Loria 2013 - Tuesday 19th November 2013 - The void - an interesting place for network security monitoring.

Bailey, Michael, et al. [IMS] defines in 2005 black-hole monitoring as the monitoring of unused or dark address space. Nowadays (in 2013), the IPv4 address.[1] is becoming a scarce resource and by so the definition of black-hole monitoring can be extended to the monitoring of temporarily unused address space. The address space (even if unused) must be announced globally on Internet and visible by the majority of the Autonomous System (AS) just like any used address space.

In our experiments, the address allocation given for monitoring influences the data collected not only due to residual network activities (from previous usage of the address space) but also links to its number addressing. Spelling errors play also a significant role into the data collected from dark address space as discovered in one of our experiment [AnotherPerspective].

Black-hole monitoring has to be seen as a sampled measurement of the Internet noise. The information collected represents a subset of the Internet noise traffic. The behavior of such traffic is erratic as the network traffic not only depends of the size of the monitored black-hole subnet but also on the events occurring on the Internet as a whole. But also on the selected subnet who could be more prone to spelling errors.

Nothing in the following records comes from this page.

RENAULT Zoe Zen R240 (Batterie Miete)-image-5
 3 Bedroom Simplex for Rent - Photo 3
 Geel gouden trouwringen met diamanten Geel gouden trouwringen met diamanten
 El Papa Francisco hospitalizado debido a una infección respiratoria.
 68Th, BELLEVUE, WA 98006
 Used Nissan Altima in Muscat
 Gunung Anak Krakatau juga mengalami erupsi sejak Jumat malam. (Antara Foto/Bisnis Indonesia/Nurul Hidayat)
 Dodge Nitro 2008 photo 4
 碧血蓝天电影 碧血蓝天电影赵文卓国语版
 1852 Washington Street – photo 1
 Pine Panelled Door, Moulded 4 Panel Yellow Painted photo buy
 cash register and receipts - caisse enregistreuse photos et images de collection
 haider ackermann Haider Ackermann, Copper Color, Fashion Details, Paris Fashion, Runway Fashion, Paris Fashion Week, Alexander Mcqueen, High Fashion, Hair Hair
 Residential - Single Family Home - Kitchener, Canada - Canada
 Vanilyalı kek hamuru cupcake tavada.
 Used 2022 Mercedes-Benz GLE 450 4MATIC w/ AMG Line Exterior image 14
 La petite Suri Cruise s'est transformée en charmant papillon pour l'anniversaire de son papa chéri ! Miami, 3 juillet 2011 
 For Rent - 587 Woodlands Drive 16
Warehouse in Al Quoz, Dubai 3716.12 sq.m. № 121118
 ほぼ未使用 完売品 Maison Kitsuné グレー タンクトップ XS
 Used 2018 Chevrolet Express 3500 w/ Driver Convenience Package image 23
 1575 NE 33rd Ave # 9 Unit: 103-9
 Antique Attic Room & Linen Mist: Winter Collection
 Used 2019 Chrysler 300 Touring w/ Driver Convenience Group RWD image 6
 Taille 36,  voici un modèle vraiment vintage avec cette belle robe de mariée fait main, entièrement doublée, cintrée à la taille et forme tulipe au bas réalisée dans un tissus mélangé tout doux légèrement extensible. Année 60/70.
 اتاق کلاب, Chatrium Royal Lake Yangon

While designing an adequate and long-term collection mechanisms for black-hole monitoring, the erratic behavior has to be taken into consideration to cope with low and high bandwidth usage (e.g. from one of our sensor, it’s not unusual to see a variation of bandwidth usage with a factor of ten).

As the traffic behavior tend to deviate at a regular interval, the analysis tend to be more complicated as you can question yourself about the proper operation of the network collection mechanisms (e.g. packet lost, errors). Netbeacon[Netbeacon] was developed in the context of such verification.

Once the packets are properly collected, the analysis of the collected data is another challenging element. Sampling a subeset of traffic helps to discover some tendencies of misconfiguration. As the data is collected on the large period of time (more than 1 year), an evolution about the misconfiguration can be drawn.

The black-hole data is collected from sensors capturing Ethernet frames installed in a dedicated network where the traffic is routed to. These frames are captured and a timestamp is added. The packets were then relayed via an encrypted tunnel to a collector where the packets are put into files which are rotated every five minutes. The resulted files are organized by day in order to be processed. When a file is ready a queue is updated which is polled by the processing programs.

Once a compressed file arrived it is processed with a chain of tools in order to distillate information. Hence, the protocol dissection is done with various tools. In addition to the protocol dissection, the data is enriched with other systems. The dissected and enriched packets are aggregated into documents which are index for further queries. Hence, it is possible to rank countries and organizations that own ASNs according their attacks and mis-configured systems.

As black-hole monitoring and especially its dataset analysis can be a huge topic, we propose research topic including dataset exchange to researchers in order to improve the understanding of Internet and its security.